Newly enobled Lord Polak has accused the National Union of Students of “selective discrimination” by allowing organisations with extremist links to speak on campus while backing the boycott campaign against Israel.

Former Conservative Friends of Israel director Stuart Polak was speaking during a debate on freedom of speech at universities in Parliament – the first time he has spoken about the country since being introduced to the Lords.

He said: “In recent years, an environment of censorship, hostility and intimidation has emerged on university campuses. This current trend and the actions of some student bodies increasingly risk threatening freedom of speech at universities – places where debated and dialogue are fundamental. It can be difficult for Israel-supporting students to hold discussions on some discussions on some campuses because of the prevailing attitude among some students and academics.”

This summer, NUS national executive passed a motion to boycott some Israeli companies. “The boycott campaign is a major infringement on the right to free speech and directly impacts on the ability for cooperation between the two countries,” he told the chamber, advocated more rather less collaboration.

“Britain, Israel and society as a whole have much to lose I this sort of collaboration is stopped. The funding of these programmes should not only be safeguarded but enhanced.”

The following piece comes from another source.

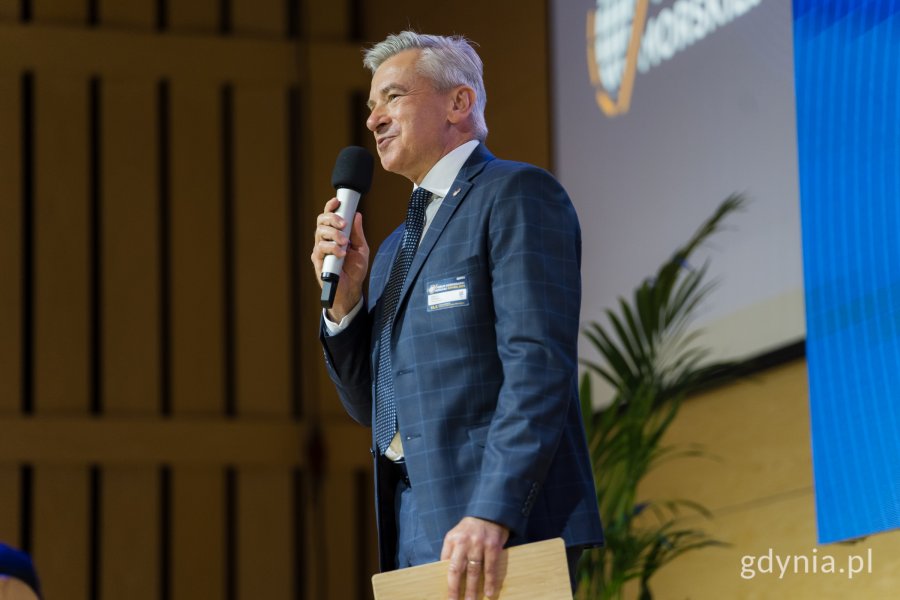 Na scenie prowadzący forum Andrzej Popadiuk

Lord Leigh said he was moved to speak out after Southampton university, his almna mater, was due to host a conference discussing Israel’s right to exist earlier this year. It was later cancelled but he said: “No other nation state had ever had its right to exist questioned at the university,” he said.

On another occasion, he claimed, Israeli professor Mark Auslander’s talk at Southampton on the subject of optical sensors had to be cancelled “due to intimidation”.

During the debate, called by Baroness Deech, minister Baroness Evans reiterated that the government does not support academic of cultural boycotts. “Indeed, the UK has engaged in 60 years of vibrant exchange, partnership and collaboration with Israel, which does so much to make both our countries stronger.”